Reale Accademia di Musica – Reale Accademia di Musica

Oh boy, I just did some band research to become a little more informed about this group before I put fingers to keyboard, but I seriously wish I hadn’t. It seems just about everything the musicians involved have done since the recording of this seminal album has been to capitalise upon and tarnish the reputation of a great band name. I understand musicians need an outlet and might want to be creative more than forty years after the fact, but couldn’t they do it under a new moniker? More on that later. Let’s just pretend for now that this is a band that only released one album before fading into obscurity. Somehow, that’s far more graceful than trying to stay present by milking a name to death.

Reale Accademia di Musica was released in 1972, the pinnacle year of prog rock, and a year when many progressive artists from England and Italy were releasing arguably their best material. It’s perhaps understandable then why this album was overlooked, when there was just too much good music to hear everything. The band’s name doesn’t help either as it seems rather formal: ‘Royal Academy of Music’ doesn’t exactly shout “Rock and Roll”. But it’s not an entirely inappropriate moniker either. While bands like Yes and Premiata Forneria Marconi were creating balls-to-the-wall, high energy music, Reale Accademia di Musica offered a more mature, restrained alternative though showing no less musical genius.

I should mention that I have the 2014 Sony Music reissue of the album, which offers absolutely no frills: no bonus tracks, no liner notes, just the gatefold album artwork (including the vertical inner sleeve) and obviously the music itself, which sounds crisp as ever. Sometimes that’s all a listener can want.

The album begins with Favola, a light, pastoral piece that is, unfortunately, the worst track on the album simply because it’s slow and contains few surprises. It’s not a bad track by any means, with lovely arrangements and a mellow feel, but listeners will be glad to hear it’s not representative of the rest of the album at all. In fact, all six tracks that occupy this LP have a completely different sound, yet achieve what they set out to accomplish, something that makes this band very unique.
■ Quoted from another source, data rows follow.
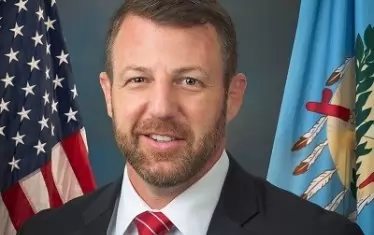  Новият министър - Маркуейн Мълин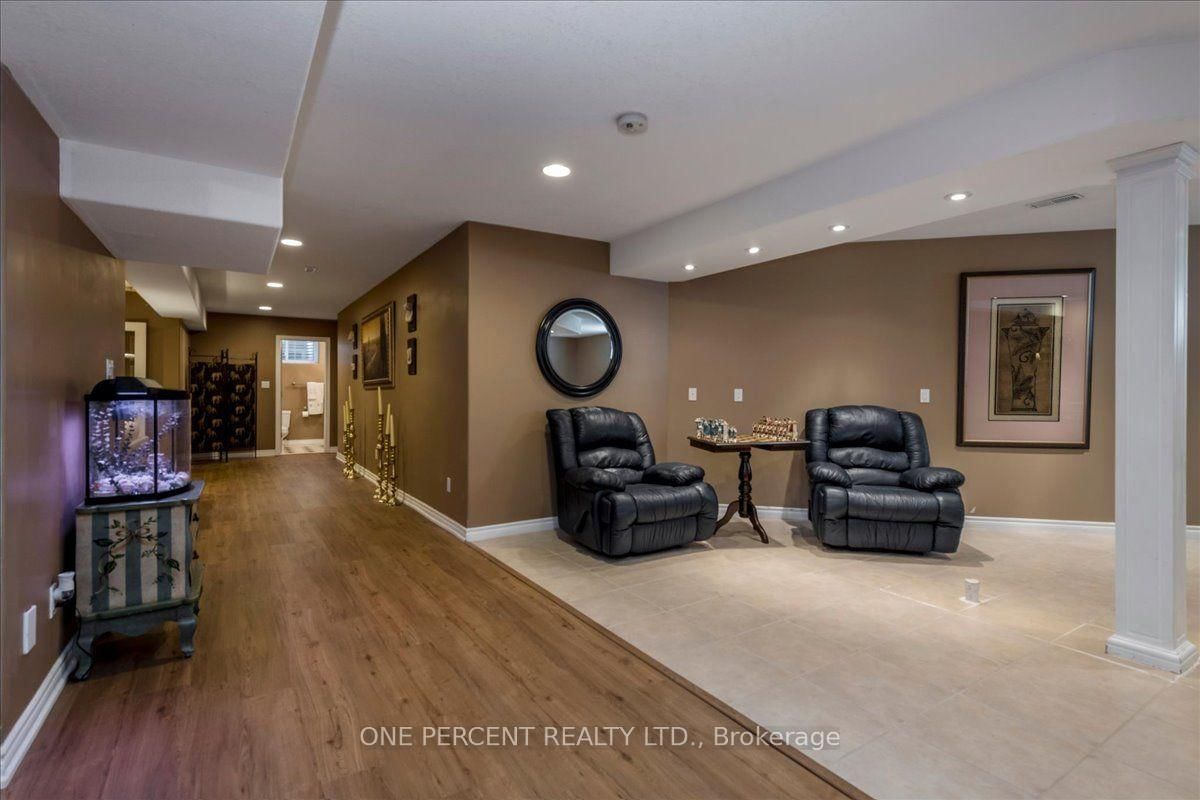 9 Laddie Lane • Springwater, ON photo 39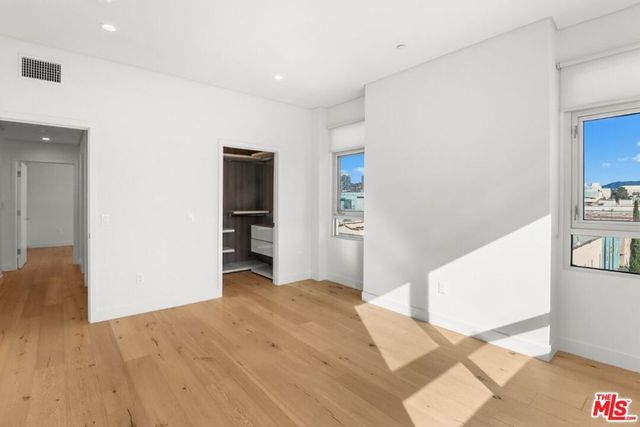 938 S ORANGE GROVE Avenue 302, Los Angeles, CA 90036
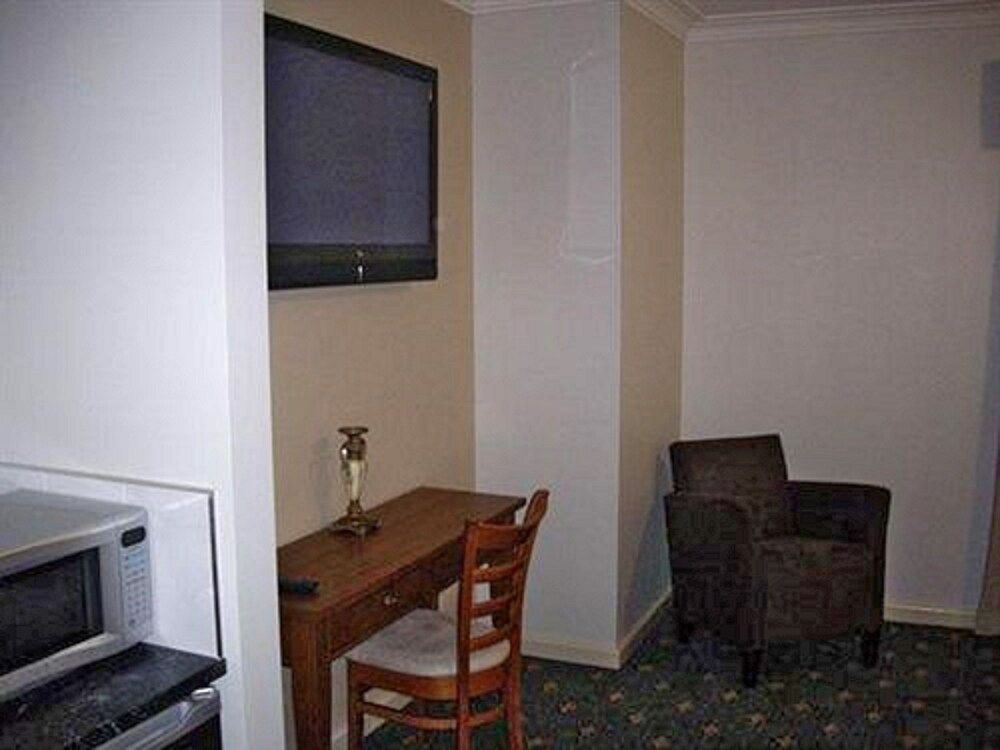 503 On Princes Drive 3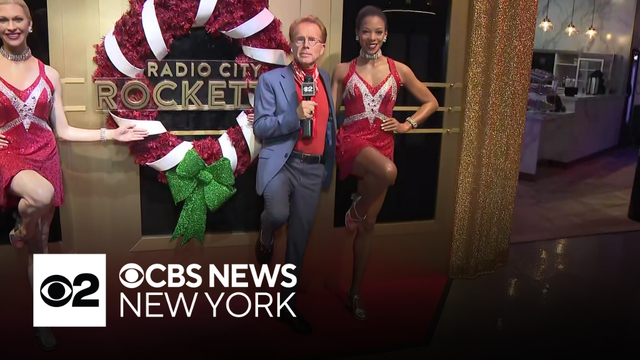 Meteorologist John Elliott visits Madame Tussauds in NYC's Times Square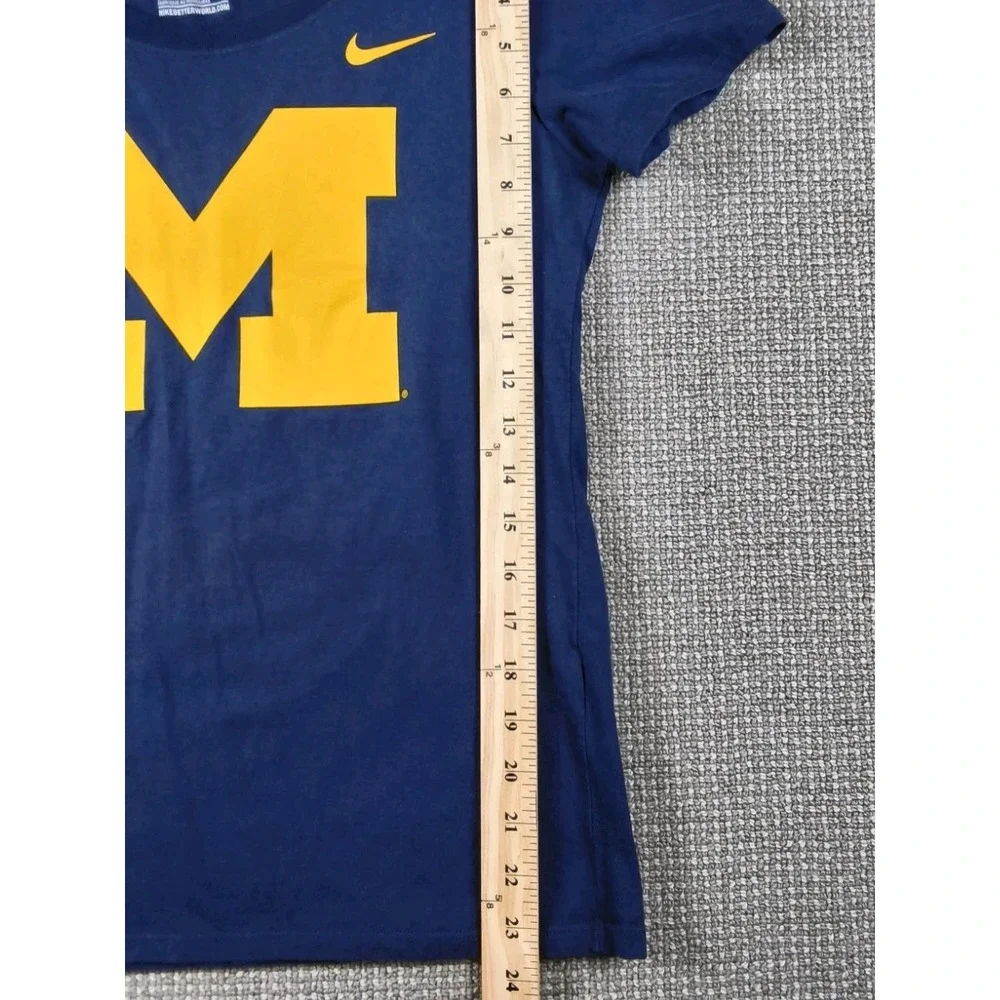 Nike The Nike Tee Athletic Fit T-Shirt Maize & Blue U Of M Women's Size Medium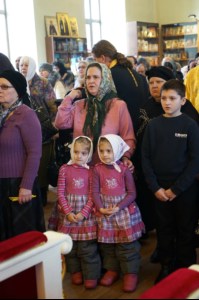 Божественная литургия на Архиерейском подворье — храме во имя преподобного Серафима Саровского г. Саратова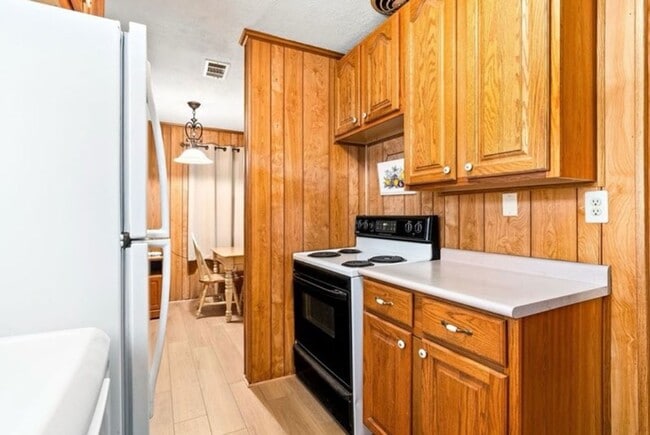 Photo - 806 S 11th St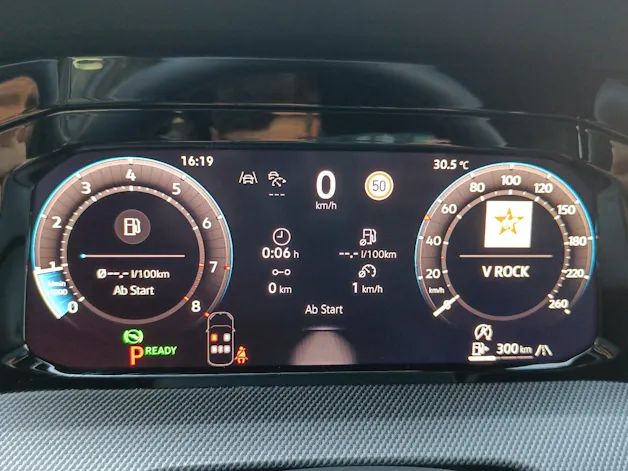 VW Golf VIII Variant 1.5 eTSI R-Line DSG*8-Fach Räder*AHK*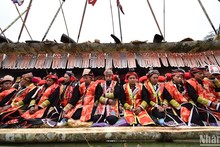 Ceremonia “cap sac” de los Dao rojos en Ta Phin, una leyenda misteriosa entre las nubes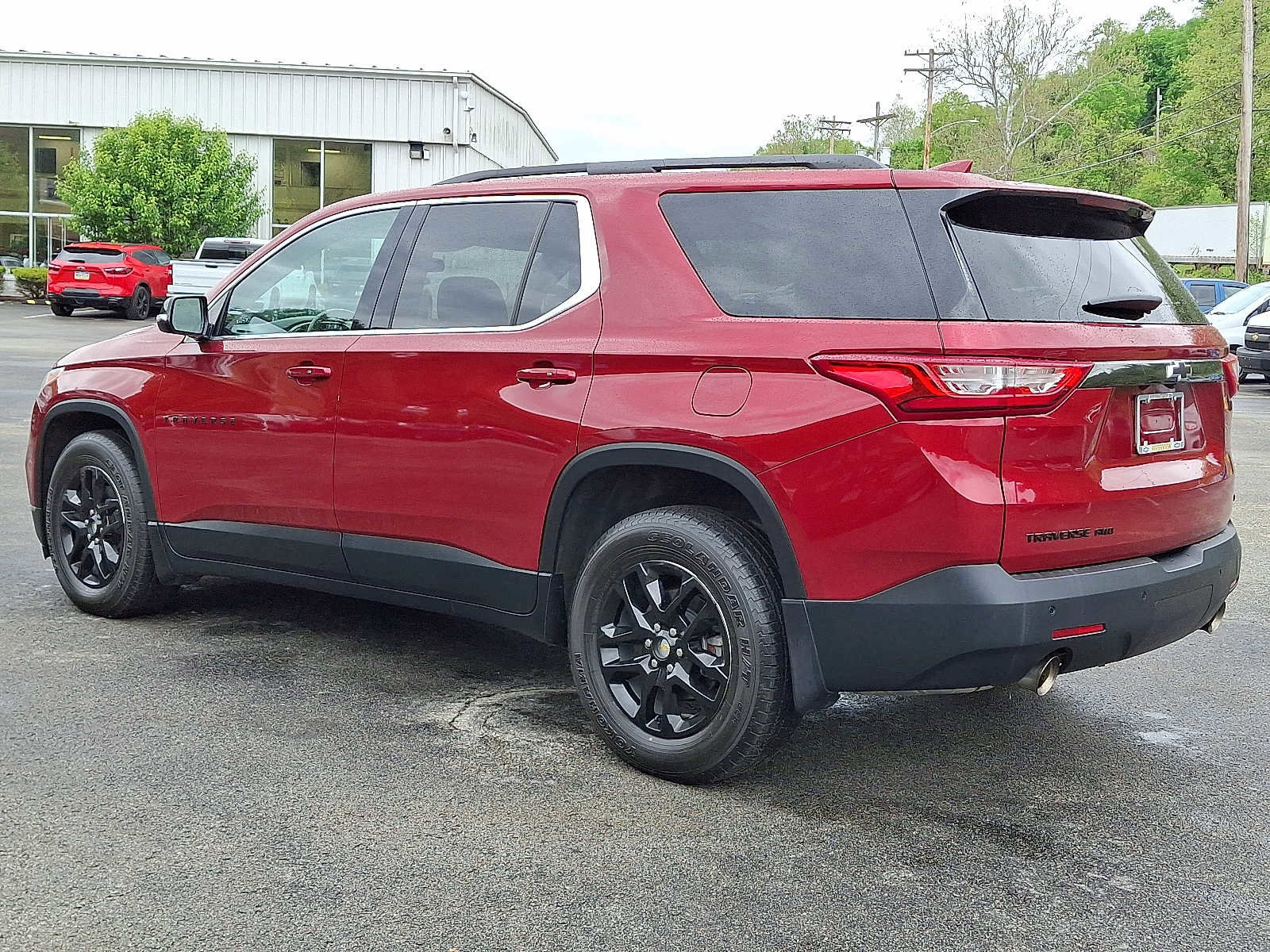 Used 2019 Chevrolet Traverse LT w/ LPO, Blackout Package AWD/4WD image 4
Il mattino is the longest track on the album and unsurprisingly the most symphonic of the tracks. The first half of the song is a brooding, melancholy lyrical section which gracefully gives way to a steaming powerhouse of an instrumental in the second half. This is a good case in point of the band being restrained: any other Italian prog band would have been too impatient to wait a full nine minutes before showing their chops.

Ognuno sa follows, and everyone knows that this is the sunnier of the album’s tracks. With jolly, bouncy piano and a classic Hammond organ backing, this has the makings of a timeless bar piece. An odd but ingenious choice was to filter the vocals as though they’re being played on the radio, giving the song a perplexing hot-and-cold timbre.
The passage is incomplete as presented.